■ **What you are asked to do**:
Line by line, repeat the material below exactly and leave the images out.

■ **Provided material**:

=== Begin Enclosure ===

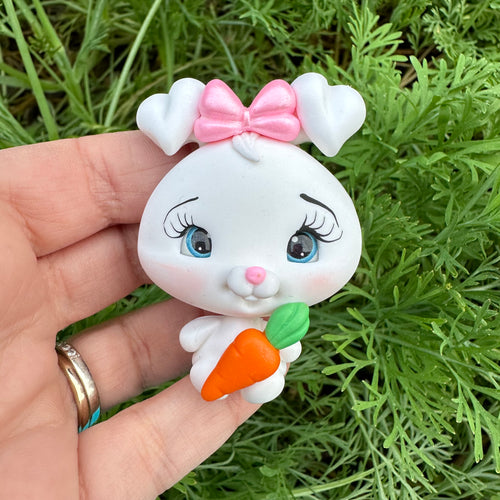 Custom Rabbit Clay Bow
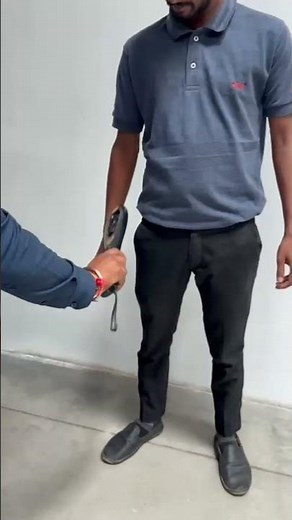 Hand-held metal detectors are portable screening machines equipped with metal detection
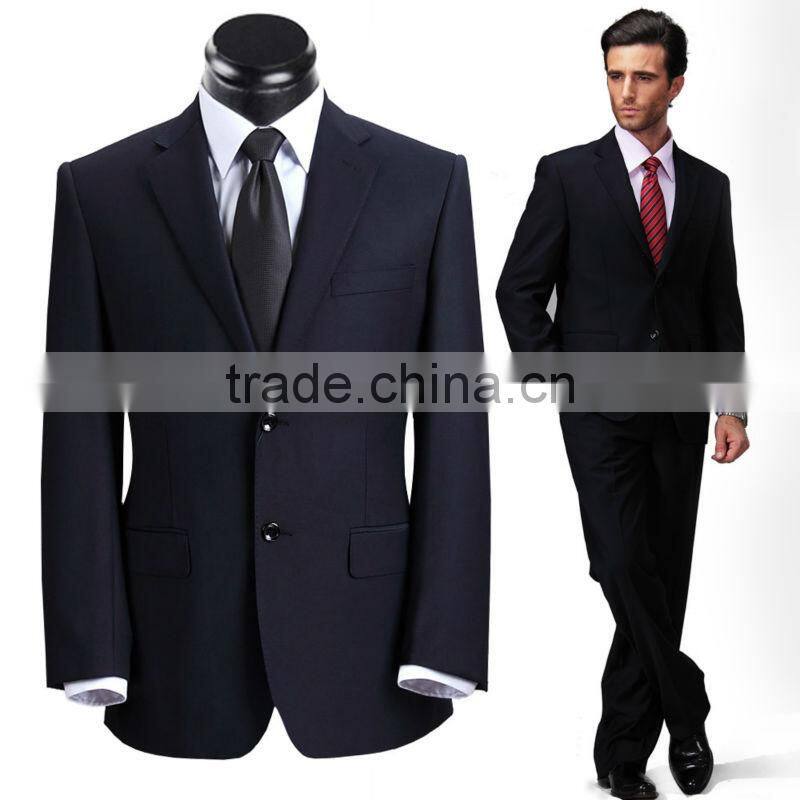new design men's business suit / wool fabric suits/workship uniform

=== End Enclosure ===

■ **Response area**:
 Custom Rabbit Clay Bow
 Hand-held metal detectors are portable screening machines equipped with metal detection
new design men's business suit / wool fabric suits/workship uniform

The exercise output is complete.